With the pictures left out, transcribe exactly the lines from the one with "Open floor plan" through the end of the data.
┄┄┄┄┄┄
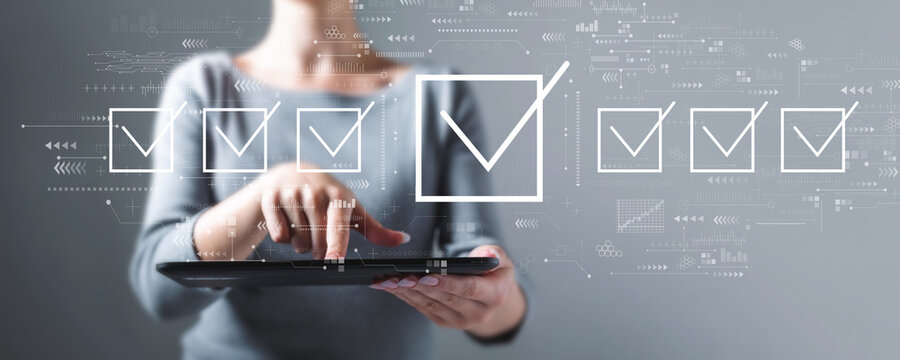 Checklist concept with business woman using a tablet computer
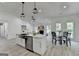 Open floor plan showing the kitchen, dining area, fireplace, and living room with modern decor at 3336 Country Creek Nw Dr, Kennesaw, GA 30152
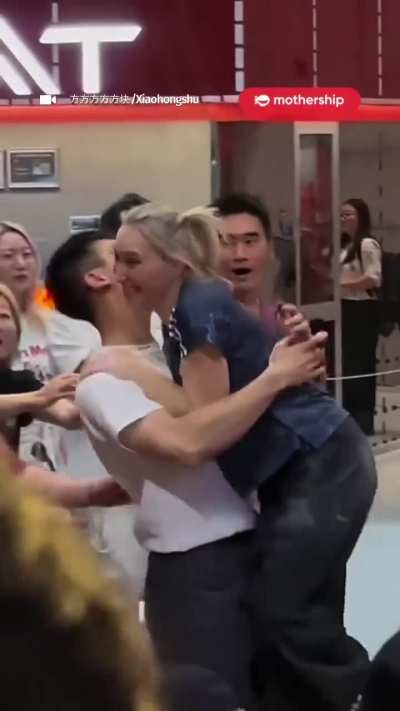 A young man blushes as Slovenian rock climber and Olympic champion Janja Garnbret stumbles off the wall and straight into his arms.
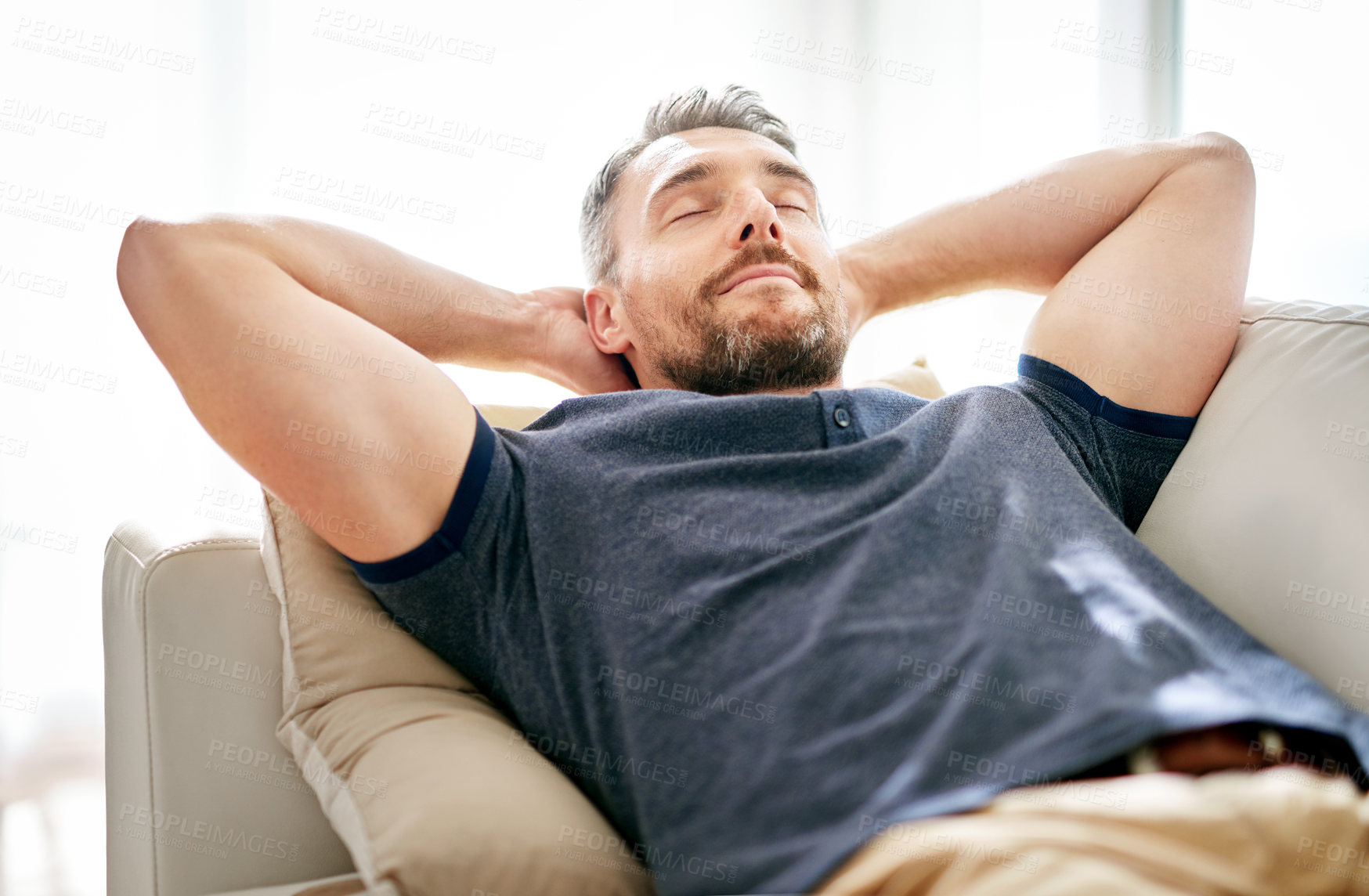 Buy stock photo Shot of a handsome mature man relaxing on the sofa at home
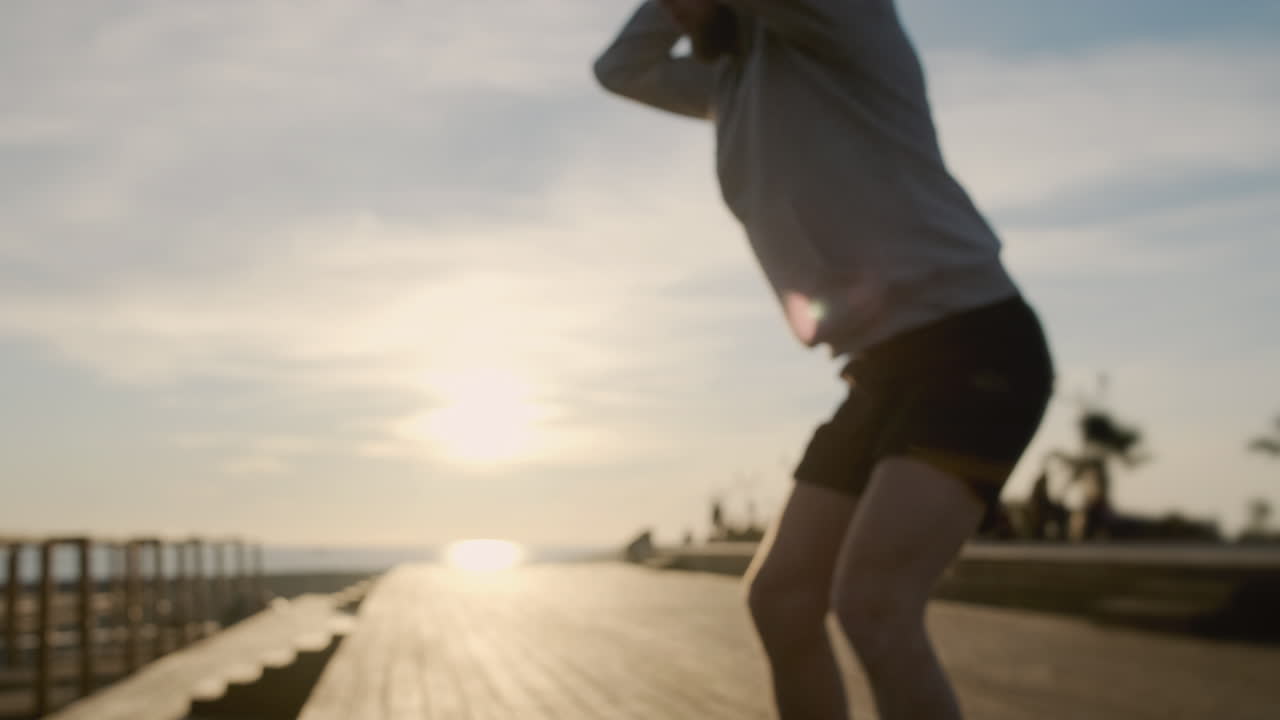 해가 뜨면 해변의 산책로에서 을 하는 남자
┄┄┄┄┄┄
RESPONSE BOX>
 Open floor plan showing the kitchen, dining area, fireplace, and living room with modern decor at 3336 Country Creek Nw Dr, Kennesaw, GA 30152
 A young man blushes as Slovenian rock climber and Olympic champion Janja Garnbret stumbles off the wall and straight into his arms.
 Buy stock photo Shot of a handsome mature man relaxing on the sofa at home
 해가 뜨면 해변의 산책로에서 을 하는 남자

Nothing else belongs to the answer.